» DIRECTIONS FOR THIS TASK
Go through the data below and transcribe it exactly. Omit the images.

» DATA
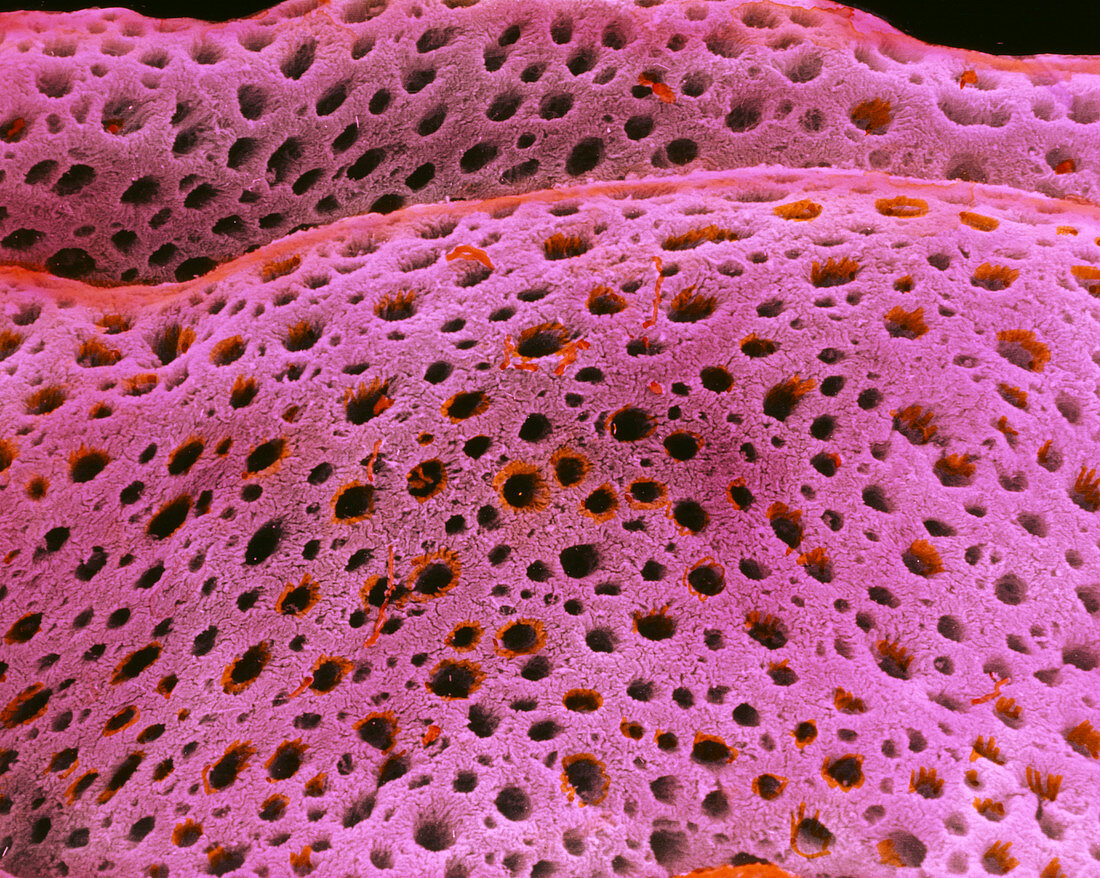 Coloured SEM of the uterus endometrium at oestrus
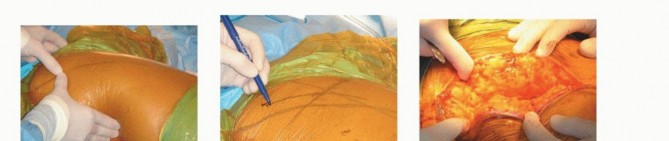 Illustration 44 for Hemiarthroplasty of the Hip: Indications & Types Explained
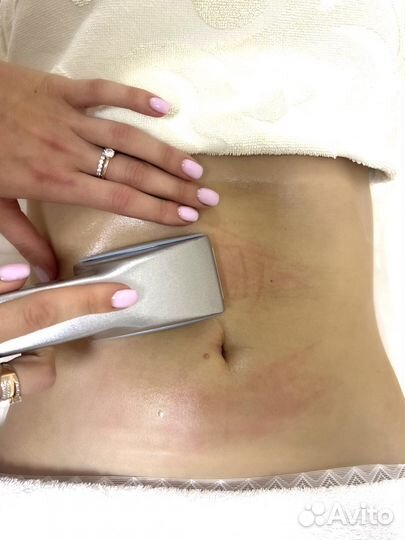 Аппаратный массаж Старвак / G5. Похудение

» TASK ANSWER
 Coloured SEM of the uterus endometrium at oestrus
 Illustration 44 for Hemiarthroplasty of the Hip: Indications & Types Explained
 Аппаратный массаж Старвак / G5. Похудение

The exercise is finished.